This year has seen more movies released without advance press screenings than ever before; I thought 2006 was bad, but this year it seems like I’m spending every other Friday afternoon catching up to something.
Last week, it was “I Know Who Killed Me”; two weeks before that, it was “Captivity”. You got your “Hostel Part II”, your “Dead Silence”, your “Kickin’ It Old Skool” and “The Invisible” on the same day … and now, your “Bratz” and your “Underdog”.
I do not expect I will be in the best of moods tomorrow.
However, there are four other movies opening this week that I have seen:
“Arctic Tale“: Aww, look at the cute widdle polar bear and the cute widdle walrus stwuggling to survive in their dangerous, increasingly endangered habitat! Look at the brave widdle directors, editing unrelated wildlife footage into a narrative to shame Disney! On the other hand, by appealing to its young audience’s emotions instead of their logic, it’ll communicate the global-warming issue in a way Al Gore never can.

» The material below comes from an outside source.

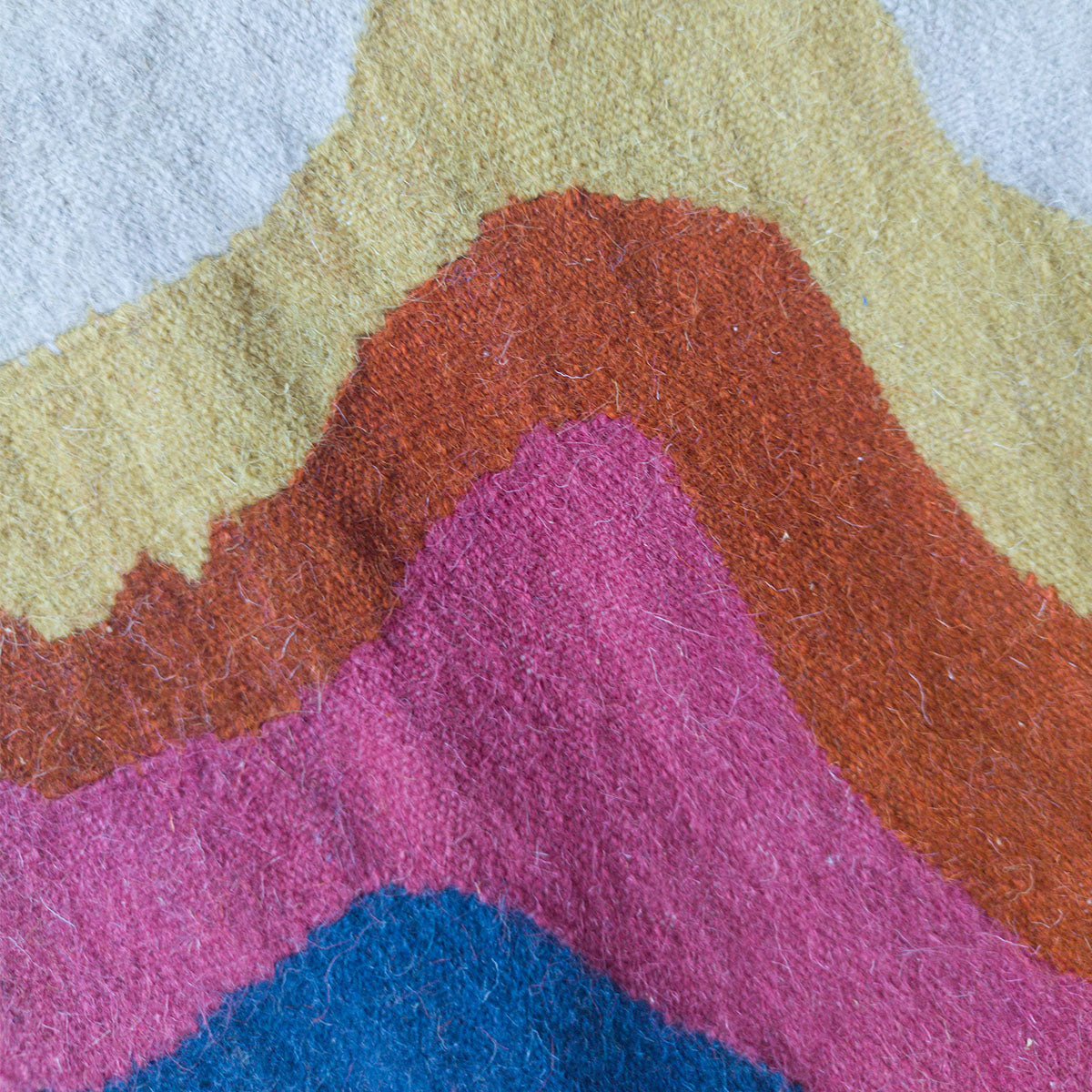 Terra Potta El Dokuması Kilim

“Becoming Jane“: Anne Hathaway affects a very wobbly accent to play Jane Austen in a twee and tweaked reimagining of her life as a budding writer, where it seems she met a dashing man who was not unlike that stuffy Mr Darcy from “Pride and Prejudice”. As it turns out, quite a lot of Austen’s life appears to be not unlike “Pride and Prejudice” … might that be the only DVD the screenwriters bothered to rent before embarking on this project? Just a passing thought.
“The Bourne Ultimatum“: In which Paul Greengrass fixes most of the things I thought were off about “The Bourne Supremacy” — the cutting is slightly more coherent, the camerawork less intentionally disorienting, the script more centered — and Matt Damon finds the tormented core of his rebooted assassin, leading to a thriller where you’re more afraid the hero will kill someone for the wrong reasons than be killed himself. Terrific entertainment.
“Hot Rod“: Andy Samberg and his Lonely Island buddies take a script earmarked for Will Ferrell and turn it into something truly, freakishly their own: Imagine a 1980s movie made by people who spent their formative years watching “Footloose” and “Rocky IV” unironically. And it turns out that watching Andy Samberg get hit in the face over and over again is its own reward.
That’s the week in a nutshell. Time to man up and catch the day’s first show of “Underdog” …
… yeah, I live a charmed life.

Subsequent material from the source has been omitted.